Résumé par Doctrine IA

La société Tisserin Immobilier a demandé l'arrêt de l'exécution provisoire d'un jugement du tribunal des activités économiques de Paris. Ce jugement avait ordonné le rétablissement des représentants des sociétés Rabot Dutilleul dans des comités stratégiques et d'engagement, ainsi que la transmission de procès-verbaux. La question juridique posée était de savoir si l'exécution provisoire du jugement devait être suspendue.

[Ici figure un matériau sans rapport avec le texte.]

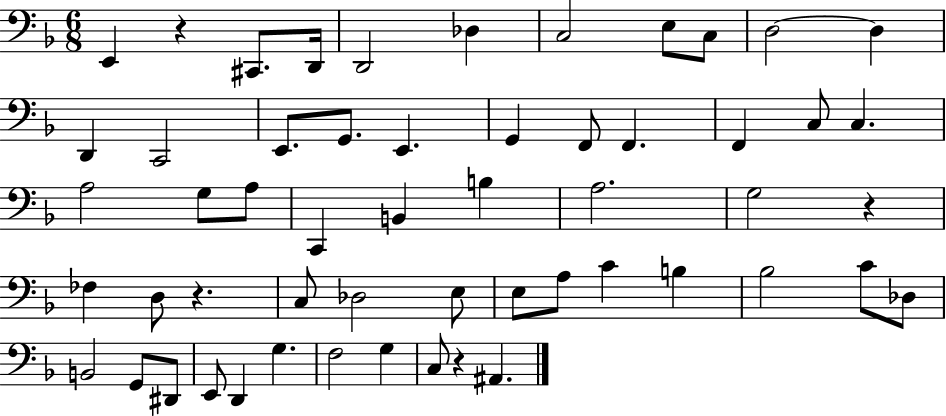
X:1
T:Untitled
M:6/8
L:1/4
K:F
E,, z ^C,,/2 D,,/4 D,,2 _D, C,2 E,/2 C,/2 D,2 D, D,, C,,2 E,,/2 G,,/2 E,, G,, F,,/2 F,, F,, C,/2 C, A,2 G,/2 A,/2 C,, B,, B, A,2 G,2 z _F, D,/2 z C,/2 _D,2 E,/2 E,/2 A,/2 C B, _B,2 C/2 _D,/2 B,,2 G,,/2 ^D,,/2 E,,/2 D,, G, F,2 G, C,/2 z ^A,,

La cour d'appel, saisie par Tisserin Immobilier, a examiné deux conditions cumulatives pour ordonner l'arrêt de l'exécution provisoire : l'existence d'un moyen sérieux d'annulation ou de réformation et le risque de conséquences manifestement excessives. Tisserin Immobilier soutenait qu'il existait des erreurs dans le jugement, notamment concernant l'application d'une clause de non-concurrence.

Cependant, la cour d'appel a rejeté la demande de Tisserin Immobilier. Elle a estimé qu'il n'existait aucun moyen sérieux de réformation, car la société se bornait à critiquer le bien-fondé de la décision du premier juge. De plus, le risque de conséquences manifestement excessives n'a pas été démontré, Tisserin Immobilier n'ayant produit que des hypothèses et non des preuves concrètes de préjudice irréparable.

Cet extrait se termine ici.